INFORMATION SHOWN
[Start of Attachment]
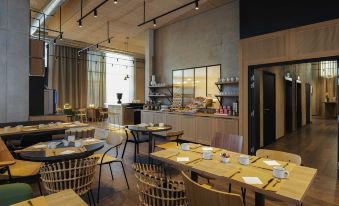 a modern cafe with wooden tables and chairs , a counter filled with various food items , and large windows at Novotel Annemasse Centre - Porte de Genève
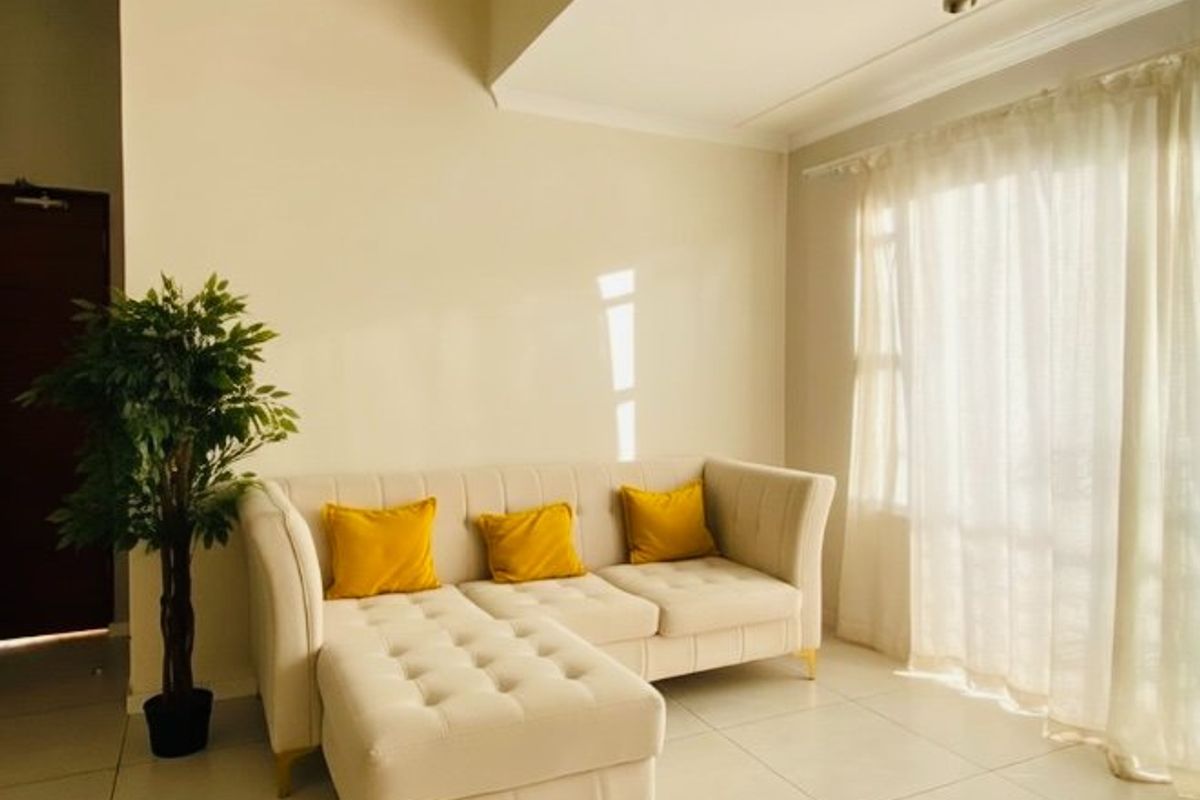 A bright living room featuring neutral tiled flooring, a recessed ceiling design with spotlighting, and large windows dressed with sheer curtains.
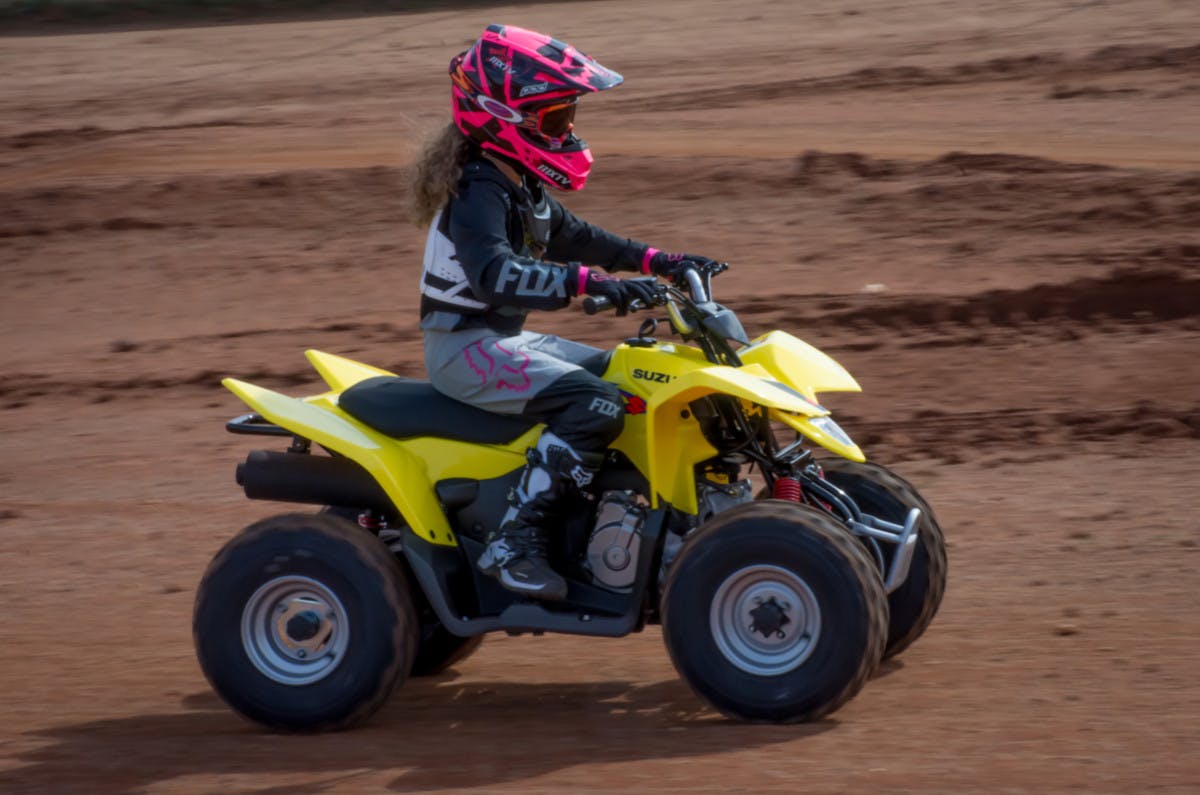 SUZUKI QUADSPORT Z90 being ridden off road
[End of Attachment]
WORK TASK
Hand back the data exactly as it appears, with all pictures cut.

ANSWER BELOW
 a modern cafe with wooden tables and chairs , a counter filled with various food items , and large windows at Novotel Annemasse Centre - Porte de Genève
 A bright living room featuring neutral tiled flooring, a recessed ceiling design with spotlighting, and large windows dressed with sheer curtains.
 SUZUKI QUADSPORT Z90 being ridden off road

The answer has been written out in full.